To some, it’s a constant pull, drawing us in. Pushing us to new peaks, down old ravines, and across plains and fields. This weekend hiking on Lantau Island was some of this and more. Time to think and feel the outdoors again was something sorely missed in a city so full of buildings and buses.
In a way, that’s the beauty of Hong Kong. The pier 6 ferry in Central will take you to Mui Wo. A short twenty minutes ferry ride and you’re out of the city. The village of Mui Wo is a simple collection of houses and restaurants on a beautiful beach. Residents cycle around on little cart and footpaths, navigating by little signposts pointing to the major local landmarks. It’s a simple place, with an old silver mine, a beach, a temple, and, of course, a ferry pier. You’ll quickly feel outside Hong Kong, in a good way.
From the pier, there are two routes to the start of the trail. On my way to Sunset peak, I took the road, but there’s a second trail, Old Village trail, that’s more scenic, which I took on my way back. Bring a map to navigate both, as the signage isn’t the easiest to follow and can leave hikers a confused.
The first section of trail to Nam Shan is quite easy. A steady uphill climb that’ll get your blood flowing, plus the excitement of seeing cyclists flying downhill if you take the road. Nam Shan has a picnic area with a restroom and makes a good first rest point. The picnic area funnels into a “tree walk”, that’s also the trail to Sunset Peak. Walking through the trees, shaded by the large branches, makes for a great start of the trail.
The steps continue through the trees, providing hikers with semi-obstructed views of Mui Wo and the Outlying Islands. After about an hour, you’re rewarded by breaking through the tree line, and reaching the grassy mountain tops.
The east side of Lantau wasn’t as rewarding as crossing the ridge to the west side, where the sun and breeze opened up, providing incredible and relaxing views. When I reached the top, there were noticeably more crowds, originating from Tung Chung, a nice shortcut to the peak. Overall, I didn’t mind their presence but did miss the serenity of being alone on the way up.
Sitting on the rock ledge, enjoying the view of the Outlying Islands, Lantau Peak, and Big Buddha, I laughed a little to myself, as I spent nearly two minutes there, then was ready to descend. So often we go to visit a place, hike a trail, or accomplish a feat and when it’s done, we’re moving on to the next thing. Hardly do we sit, relax, and enjoy the accomplishment, as it was the journey and effort we truly relished. I find this especially true for hiking, where you’re accomplishment is an incredible and stunning view. Yet I can’t seem to enjoy it in that moment, only afterwards.

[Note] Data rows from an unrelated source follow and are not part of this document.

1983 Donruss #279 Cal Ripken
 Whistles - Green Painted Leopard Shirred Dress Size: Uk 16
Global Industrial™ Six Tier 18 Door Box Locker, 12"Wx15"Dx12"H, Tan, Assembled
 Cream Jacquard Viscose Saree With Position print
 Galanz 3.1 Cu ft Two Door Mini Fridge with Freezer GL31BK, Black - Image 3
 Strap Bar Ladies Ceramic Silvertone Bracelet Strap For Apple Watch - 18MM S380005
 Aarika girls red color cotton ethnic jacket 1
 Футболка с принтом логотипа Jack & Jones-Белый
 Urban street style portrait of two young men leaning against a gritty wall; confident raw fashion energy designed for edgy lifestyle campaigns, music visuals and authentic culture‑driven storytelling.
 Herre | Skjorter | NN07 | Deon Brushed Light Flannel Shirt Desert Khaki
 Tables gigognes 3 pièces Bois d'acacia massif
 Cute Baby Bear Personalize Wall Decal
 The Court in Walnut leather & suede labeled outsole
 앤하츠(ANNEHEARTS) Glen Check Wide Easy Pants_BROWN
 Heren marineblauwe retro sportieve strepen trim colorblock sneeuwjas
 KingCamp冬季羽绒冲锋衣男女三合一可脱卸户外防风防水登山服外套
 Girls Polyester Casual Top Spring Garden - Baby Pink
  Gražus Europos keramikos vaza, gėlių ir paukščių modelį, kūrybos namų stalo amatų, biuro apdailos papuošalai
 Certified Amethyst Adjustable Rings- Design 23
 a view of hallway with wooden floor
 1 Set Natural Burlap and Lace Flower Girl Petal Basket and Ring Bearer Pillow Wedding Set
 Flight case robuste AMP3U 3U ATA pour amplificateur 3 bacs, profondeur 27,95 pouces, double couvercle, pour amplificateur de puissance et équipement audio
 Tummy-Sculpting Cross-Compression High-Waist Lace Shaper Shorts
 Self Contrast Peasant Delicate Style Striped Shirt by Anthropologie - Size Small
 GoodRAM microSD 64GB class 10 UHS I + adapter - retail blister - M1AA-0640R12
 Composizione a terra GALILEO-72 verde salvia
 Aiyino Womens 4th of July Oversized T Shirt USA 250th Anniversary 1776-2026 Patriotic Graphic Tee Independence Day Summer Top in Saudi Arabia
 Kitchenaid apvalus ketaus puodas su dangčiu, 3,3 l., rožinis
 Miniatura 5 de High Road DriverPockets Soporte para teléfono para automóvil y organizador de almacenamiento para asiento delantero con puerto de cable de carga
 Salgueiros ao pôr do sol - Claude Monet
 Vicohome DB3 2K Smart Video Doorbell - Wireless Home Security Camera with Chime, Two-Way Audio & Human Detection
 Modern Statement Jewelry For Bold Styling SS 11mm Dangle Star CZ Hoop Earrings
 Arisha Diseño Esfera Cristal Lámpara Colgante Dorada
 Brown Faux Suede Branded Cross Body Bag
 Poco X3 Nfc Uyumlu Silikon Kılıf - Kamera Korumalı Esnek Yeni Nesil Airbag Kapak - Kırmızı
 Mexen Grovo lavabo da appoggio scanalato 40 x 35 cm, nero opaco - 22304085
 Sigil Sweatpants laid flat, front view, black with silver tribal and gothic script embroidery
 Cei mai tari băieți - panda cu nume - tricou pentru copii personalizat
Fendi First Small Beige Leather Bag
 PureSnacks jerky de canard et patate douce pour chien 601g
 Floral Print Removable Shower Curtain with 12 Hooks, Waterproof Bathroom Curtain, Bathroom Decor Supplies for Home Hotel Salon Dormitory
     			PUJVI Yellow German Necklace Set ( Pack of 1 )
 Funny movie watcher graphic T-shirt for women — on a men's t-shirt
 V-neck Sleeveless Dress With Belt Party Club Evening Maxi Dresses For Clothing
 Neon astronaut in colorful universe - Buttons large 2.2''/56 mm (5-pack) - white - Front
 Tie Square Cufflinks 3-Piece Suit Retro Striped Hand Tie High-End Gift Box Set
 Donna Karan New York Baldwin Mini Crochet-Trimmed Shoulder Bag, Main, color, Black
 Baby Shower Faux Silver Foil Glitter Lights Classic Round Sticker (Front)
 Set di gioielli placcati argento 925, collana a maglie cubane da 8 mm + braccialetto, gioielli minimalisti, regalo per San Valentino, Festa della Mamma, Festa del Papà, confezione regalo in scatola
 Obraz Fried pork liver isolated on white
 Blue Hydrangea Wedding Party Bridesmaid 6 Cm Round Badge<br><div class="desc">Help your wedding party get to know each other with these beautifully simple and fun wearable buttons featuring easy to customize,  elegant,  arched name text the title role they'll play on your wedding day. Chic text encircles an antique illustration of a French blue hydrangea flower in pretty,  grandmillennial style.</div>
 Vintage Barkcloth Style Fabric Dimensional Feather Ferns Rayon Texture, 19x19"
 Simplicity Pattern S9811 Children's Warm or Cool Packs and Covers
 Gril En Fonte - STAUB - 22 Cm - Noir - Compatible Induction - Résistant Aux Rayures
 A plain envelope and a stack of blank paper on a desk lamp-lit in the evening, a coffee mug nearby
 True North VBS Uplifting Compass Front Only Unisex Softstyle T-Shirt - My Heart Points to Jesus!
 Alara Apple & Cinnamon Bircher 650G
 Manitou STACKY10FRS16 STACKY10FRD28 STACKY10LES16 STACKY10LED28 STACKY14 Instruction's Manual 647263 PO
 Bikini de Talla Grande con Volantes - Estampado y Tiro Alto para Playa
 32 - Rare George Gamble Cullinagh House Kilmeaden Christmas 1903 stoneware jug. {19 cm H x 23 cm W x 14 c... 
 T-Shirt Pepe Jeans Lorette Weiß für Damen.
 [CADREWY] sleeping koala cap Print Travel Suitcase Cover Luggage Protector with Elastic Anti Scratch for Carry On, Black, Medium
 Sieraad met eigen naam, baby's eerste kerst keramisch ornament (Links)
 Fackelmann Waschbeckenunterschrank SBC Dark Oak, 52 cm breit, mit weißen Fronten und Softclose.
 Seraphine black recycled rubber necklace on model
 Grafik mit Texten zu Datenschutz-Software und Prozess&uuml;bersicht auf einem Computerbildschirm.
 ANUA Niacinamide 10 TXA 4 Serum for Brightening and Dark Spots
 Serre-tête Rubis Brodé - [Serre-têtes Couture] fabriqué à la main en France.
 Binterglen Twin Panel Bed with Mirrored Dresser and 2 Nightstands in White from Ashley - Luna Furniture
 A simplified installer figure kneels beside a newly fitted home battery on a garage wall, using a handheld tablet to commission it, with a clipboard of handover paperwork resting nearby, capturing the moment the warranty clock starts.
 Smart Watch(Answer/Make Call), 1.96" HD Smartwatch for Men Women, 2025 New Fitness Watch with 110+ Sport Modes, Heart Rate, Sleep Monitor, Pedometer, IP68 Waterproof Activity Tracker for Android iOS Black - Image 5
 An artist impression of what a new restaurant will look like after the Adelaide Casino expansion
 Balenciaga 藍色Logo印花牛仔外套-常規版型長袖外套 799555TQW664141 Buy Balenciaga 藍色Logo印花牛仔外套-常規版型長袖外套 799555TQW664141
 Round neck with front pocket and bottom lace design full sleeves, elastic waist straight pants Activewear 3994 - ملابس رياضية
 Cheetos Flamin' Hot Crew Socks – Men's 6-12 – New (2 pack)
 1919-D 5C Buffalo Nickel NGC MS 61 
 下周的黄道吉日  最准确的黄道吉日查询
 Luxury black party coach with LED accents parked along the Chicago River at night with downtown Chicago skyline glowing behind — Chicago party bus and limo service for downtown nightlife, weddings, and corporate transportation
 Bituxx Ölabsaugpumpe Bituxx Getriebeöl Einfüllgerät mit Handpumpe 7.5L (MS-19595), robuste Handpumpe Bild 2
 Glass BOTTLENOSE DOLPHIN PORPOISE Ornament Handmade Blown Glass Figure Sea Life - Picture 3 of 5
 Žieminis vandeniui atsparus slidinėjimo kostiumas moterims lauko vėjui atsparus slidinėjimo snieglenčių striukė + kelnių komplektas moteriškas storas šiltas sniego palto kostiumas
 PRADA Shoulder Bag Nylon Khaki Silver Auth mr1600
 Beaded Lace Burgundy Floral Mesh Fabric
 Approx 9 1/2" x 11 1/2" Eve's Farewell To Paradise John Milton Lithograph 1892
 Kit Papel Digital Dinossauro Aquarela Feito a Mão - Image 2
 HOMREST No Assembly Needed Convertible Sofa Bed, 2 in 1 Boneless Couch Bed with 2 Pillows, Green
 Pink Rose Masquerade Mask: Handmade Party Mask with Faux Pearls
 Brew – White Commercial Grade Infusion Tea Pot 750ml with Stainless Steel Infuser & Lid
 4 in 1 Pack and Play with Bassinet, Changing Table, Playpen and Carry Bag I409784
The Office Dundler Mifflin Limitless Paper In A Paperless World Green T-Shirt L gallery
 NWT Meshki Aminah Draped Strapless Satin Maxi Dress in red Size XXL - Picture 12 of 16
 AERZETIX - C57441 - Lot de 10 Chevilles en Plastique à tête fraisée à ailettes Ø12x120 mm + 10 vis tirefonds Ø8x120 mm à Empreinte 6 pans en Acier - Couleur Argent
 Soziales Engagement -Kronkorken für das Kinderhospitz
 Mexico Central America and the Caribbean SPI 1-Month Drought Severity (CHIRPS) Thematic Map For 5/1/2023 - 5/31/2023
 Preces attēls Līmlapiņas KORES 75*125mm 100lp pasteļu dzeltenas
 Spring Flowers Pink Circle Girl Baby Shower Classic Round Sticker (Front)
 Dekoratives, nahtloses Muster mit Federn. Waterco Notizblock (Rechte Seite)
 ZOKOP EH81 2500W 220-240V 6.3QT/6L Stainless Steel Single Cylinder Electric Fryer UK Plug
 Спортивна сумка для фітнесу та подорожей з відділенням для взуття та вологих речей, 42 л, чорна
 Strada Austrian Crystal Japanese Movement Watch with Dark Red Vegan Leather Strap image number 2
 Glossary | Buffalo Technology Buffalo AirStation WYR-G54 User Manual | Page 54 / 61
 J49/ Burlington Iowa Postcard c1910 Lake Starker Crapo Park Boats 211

I can only conclude that I’m a journey person. Meant to take the road less travelled, regardless of the effort, and apparently regardless of the destination. It’s always a plus when there are great views, though.
Note: The hike took just over three hours and was semi-strenuous (and I consider myself in good shape). It was obviously worth it, as I think I’ll be back next weekend.